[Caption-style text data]
....

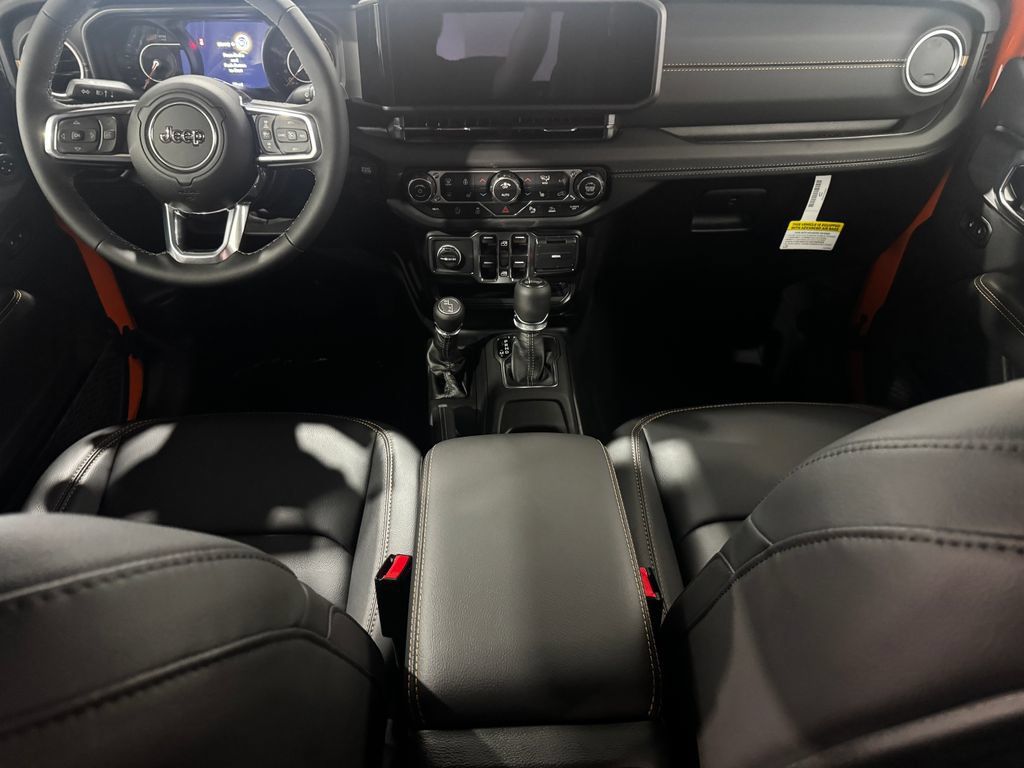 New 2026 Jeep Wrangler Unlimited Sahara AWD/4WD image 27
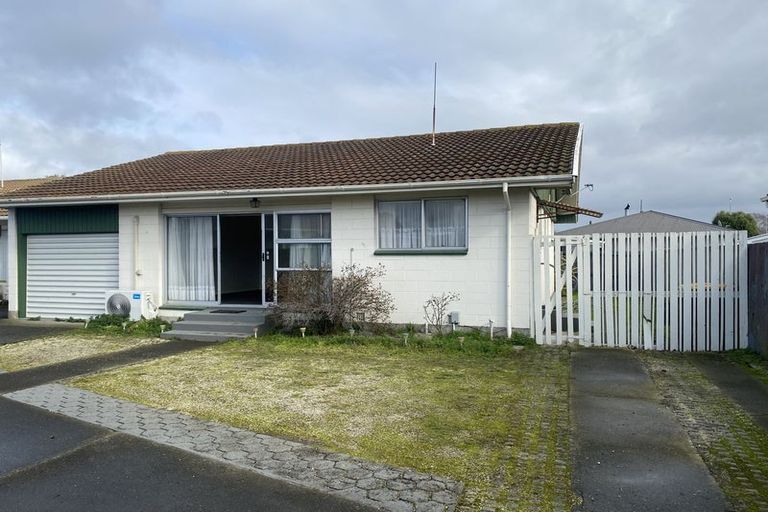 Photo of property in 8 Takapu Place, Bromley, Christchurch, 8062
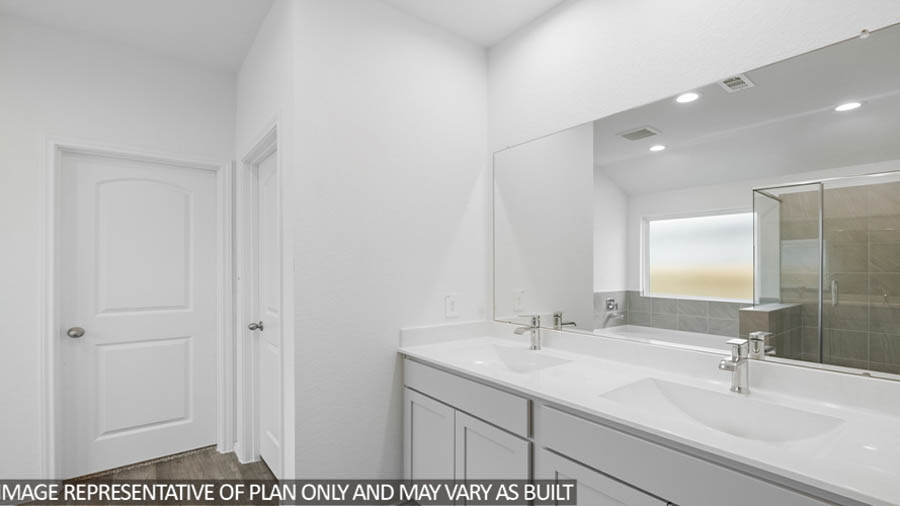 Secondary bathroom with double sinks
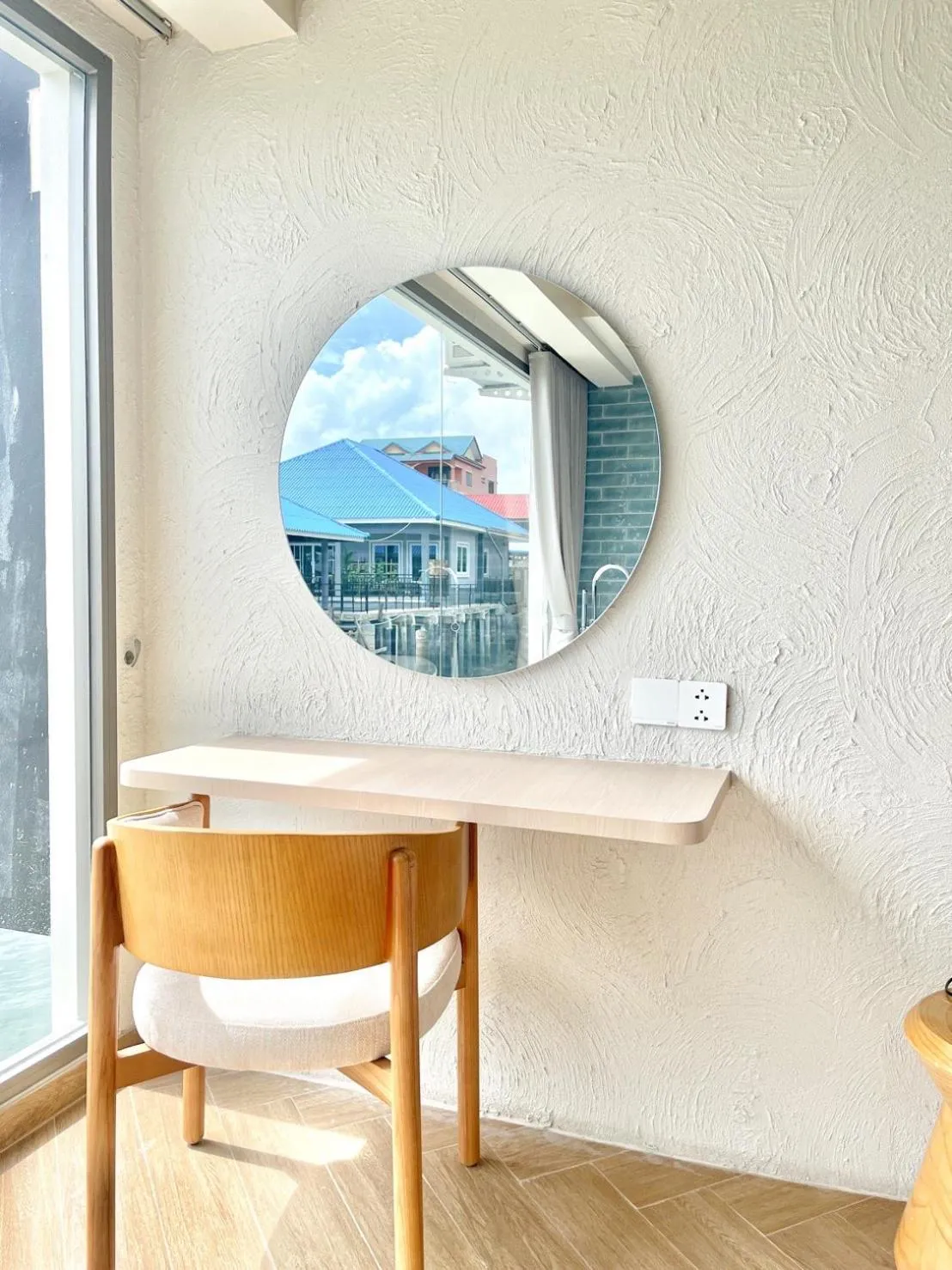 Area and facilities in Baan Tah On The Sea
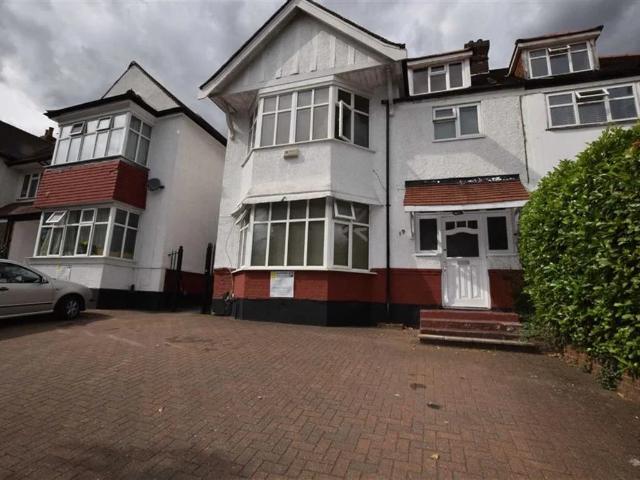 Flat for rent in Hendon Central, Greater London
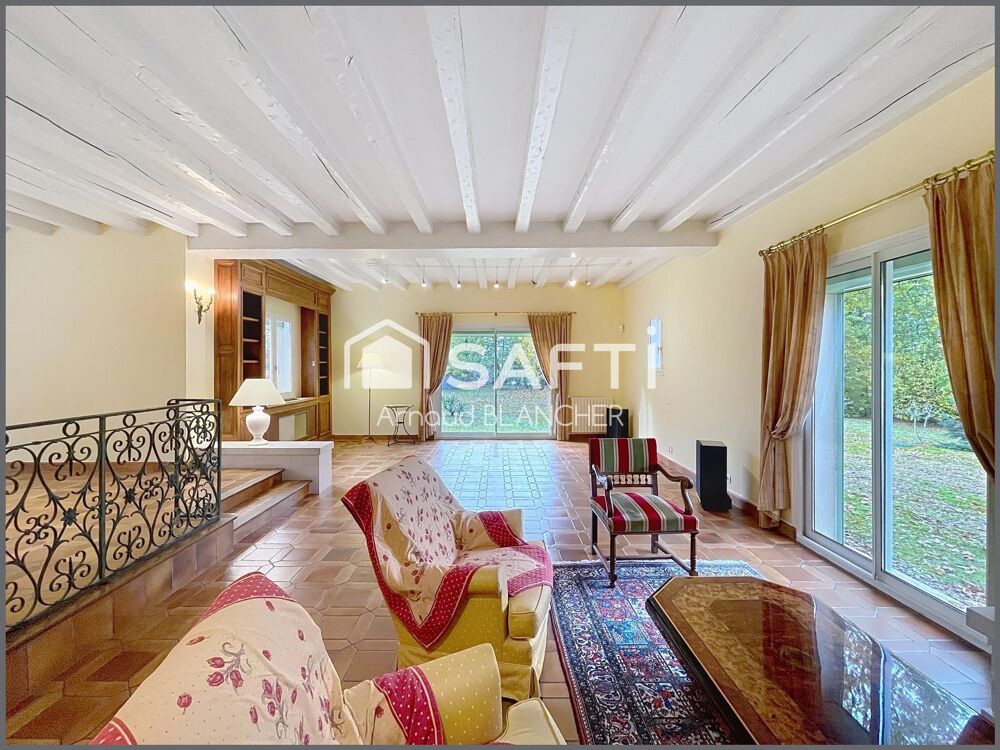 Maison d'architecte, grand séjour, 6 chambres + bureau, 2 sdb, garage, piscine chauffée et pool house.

....

▶ **ASSIGNED TASK**
Only the lines from the line with "Area and facilities in Baan Tah On The Sea" through the end of the entries above, copied exactly and with both ends included, belong in the response; the pictures do not.

▶ **EXERCISE OUTPUT**
 Area and facilities in Baan Tah On The Sea
 Flat for rent in Hendon Central, Greater London
 Maison d'architecte, grand séjour, 6 chambres + bureau, 2 sdb, garage, piscine chauffée et pool house.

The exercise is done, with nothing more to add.